If you don't want to learn how Haskell packages work (and a tool like cabal), that's probably perfectly reasonable if your project is just a couple of files that don't need any libraries. In that case I would recommend you ditch the Data. prefix on your module names. Just call them module Base and module Entities, put them in the same folder, and you can ghci from that folder with no complications. If your project gets big enough that you actually want to use folders to organise your files, OR if you need to install any external libraries, then you really should learn the packaging tools. It will seem daunting but it honestly is way less hassle to learn cabal than it is to learn how to deal with all of the problems you will run into by not using a package.

And honestly, for the files you have shown I would ditch the Data prefix anyway. I imagine you've used it because you've seen lots of modules you had to import that started with Data and assumed they're doing it for a reason so you should too. But Data is a very general namespace with a lot in it. In my opinion it really shouldn't be used much by "end user" code, and should be left to widely applicable libraries that will be published on Hackage.
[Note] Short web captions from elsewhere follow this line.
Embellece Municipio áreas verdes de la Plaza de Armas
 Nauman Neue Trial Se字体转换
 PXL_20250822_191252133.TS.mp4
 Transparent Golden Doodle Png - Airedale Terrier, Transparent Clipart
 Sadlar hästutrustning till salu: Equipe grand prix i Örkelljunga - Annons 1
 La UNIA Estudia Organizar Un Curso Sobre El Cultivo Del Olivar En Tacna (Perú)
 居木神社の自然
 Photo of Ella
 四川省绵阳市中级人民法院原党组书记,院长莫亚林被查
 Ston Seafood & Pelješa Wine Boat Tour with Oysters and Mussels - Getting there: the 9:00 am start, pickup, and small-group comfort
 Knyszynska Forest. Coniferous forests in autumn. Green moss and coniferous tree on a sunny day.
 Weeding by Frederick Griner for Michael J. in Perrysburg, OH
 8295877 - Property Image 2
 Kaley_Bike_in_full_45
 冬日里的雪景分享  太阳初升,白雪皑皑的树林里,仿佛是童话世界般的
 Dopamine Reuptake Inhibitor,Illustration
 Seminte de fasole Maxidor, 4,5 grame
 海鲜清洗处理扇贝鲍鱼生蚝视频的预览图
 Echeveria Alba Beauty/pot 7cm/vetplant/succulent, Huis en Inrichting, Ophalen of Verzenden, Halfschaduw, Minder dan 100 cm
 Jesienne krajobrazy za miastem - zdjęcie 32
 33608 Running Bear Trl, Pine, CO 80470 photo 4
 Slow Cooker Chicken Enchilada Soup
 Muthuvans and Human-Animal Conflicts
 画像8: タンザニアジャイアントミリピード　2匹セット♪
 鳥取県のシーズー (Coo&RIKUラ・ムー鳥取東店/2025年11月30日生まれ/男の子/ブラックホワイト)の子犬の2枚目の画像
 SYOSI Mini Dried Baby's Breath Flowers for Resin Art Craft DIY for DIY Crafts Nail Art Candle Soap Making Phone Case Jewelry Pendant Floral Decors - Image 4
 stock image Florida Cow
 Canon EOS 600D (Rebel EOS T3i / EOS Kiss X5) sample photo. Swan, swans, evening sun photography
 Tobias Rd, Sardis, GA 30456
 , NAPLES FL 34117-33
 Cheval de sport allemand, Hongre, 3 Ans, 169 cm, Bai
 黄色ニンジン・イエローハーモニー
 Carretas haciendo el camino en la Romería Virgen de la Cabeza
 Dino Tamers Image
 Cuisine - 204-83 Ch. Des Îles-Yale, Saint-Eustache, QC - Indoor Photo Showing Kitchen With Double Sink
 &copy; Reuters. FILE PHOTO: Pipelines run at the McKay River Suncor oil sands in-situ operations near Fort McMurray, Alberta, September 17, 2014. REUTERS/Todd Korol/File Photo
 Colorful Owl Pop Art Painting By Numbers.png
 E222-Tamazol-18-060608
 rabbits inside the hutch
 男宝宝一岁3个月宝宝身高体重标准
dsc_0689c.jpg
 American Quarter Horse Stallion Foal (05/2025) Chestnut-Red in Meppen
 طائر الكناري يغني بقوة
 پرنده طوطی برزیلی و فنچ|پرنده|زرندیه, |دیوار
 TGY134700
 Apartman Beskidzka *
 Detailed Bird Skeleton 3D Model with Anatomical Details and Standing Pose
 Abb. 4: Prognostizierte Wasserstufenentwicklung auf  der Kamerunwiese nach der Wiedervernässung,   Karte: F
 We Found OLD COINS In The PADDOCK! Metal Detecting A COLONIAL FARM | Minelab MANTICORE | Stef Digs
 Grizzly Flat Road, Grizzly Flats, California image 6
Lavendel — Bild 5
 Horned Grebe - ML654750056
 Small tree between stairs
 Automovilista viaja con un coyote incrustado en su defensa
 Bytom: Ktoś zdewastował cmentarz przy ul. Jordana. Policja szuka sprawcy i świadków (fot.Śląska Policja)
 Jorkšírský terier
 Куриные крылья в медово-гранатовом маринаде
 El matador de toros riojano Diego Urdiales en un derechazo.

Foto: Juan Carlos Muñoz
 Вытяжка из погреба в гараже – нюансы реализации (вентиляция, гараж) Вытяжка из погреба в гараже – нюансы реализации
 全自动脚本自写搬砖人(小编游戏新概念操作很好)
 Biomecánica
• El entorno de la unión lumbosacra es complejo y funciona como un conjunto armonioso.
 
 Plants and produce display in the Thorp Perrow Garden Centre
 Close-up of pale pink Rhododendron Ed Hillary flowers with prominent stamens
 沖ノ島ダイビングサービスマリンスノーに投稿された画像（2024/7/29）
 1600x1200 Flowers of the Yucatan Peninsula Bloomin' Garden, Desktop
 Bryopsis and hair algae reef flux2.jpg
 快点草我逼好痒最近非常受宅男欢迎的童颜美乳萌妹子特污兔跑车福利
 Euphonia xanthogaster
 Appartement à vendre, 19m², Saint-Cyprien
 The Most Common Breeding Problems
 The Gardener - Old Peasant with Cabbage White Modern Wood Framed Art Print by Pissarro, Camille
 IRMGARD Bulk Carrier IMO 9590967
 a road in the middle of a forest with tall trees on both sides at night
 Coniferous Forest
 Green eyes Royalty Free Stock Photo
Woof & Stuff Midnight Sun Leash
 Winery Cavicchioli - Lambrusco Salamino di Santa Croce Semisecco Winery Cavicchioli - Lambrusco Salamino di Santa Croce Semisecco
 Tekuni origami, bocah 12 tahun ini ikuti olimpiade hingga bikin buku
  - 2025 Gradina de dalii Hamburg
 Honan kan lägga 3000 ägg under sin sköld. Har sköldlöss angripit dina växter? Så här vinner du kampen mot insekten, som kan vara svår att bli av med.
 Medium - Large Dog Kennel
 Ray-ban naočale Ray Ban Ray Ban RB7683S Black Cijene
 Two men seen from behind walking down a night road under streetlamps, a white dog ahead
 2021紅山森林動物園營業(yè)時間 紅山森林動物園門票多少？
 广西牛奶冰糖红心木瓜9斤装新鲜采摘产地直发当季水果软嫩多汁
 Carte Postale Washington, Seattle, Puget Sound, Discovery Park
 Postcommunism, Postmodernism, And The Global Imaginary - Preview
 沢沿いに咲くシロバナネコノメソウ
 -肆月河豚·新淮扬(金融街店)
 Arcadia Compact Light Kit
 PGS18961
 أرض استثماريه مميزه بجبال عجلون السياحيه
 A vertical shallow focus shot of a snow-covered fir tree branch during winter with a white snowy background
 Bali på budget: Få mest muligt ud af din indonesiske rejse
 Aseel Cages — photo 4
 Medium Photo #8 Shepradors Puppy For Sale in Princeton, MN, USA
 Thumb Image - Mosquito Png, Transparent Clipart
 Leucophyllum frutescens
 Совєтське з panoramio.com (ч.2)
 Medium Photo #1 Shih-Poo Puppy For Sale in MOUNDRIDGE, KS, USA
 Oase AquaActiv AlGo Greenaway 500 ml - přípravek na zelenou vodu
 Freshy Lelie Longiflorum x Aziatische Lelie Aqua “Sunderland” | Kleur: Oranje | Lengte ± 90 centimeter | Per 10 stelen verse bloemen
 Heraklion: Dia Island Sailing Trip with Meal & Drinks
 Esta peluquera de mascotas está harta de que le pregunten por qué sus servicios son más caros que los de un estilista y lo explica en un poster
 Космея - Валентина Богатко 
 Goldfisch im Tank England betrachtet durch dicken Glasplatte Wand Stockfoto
Otherwise everything ends up in Data, and if everything is in the same namespace you migth as well not have used the namespace at all. In particular, the Data prefix is so widely used across so many libraries that you absolutely should not claim highly general names like Base and Entities directly under the Data namespace. If those are specific to your project then you should probably just use a prefix derived from your project name if this is a library, or maybe even no prefix at all if these modules are part of an executable.

(Executables can't be imported into other projects, so they don't need to worry as much about picking names that will be descriptive in some other context sitting alongside unknown other libraries. The module names only need to identify them in the context of this one specific project, where you know everything else that's being used so you know exactly what thee might be confused with. This means it's often actually helpful to use prefix-less names specifically to make your "local" modules easy to spot amongst all the other modules you're importing, because they don't start with Data or Control or one of thee other common prefixes. The same goes for non-exposed modules in libraries)


1 You mention VS Code; it may have already done this for you, and if not it almost certainly has an easy option to do so. But I've never used VS Code with Haskell (and not at all for many years), so I don't know precisely how it works.


2 Or an equivalent stack command. Stack and cabal are both tools to manage Haskell projects. You can use whichever you like. I'm going to stop adding "or stack" to everything I say about cabal from now on.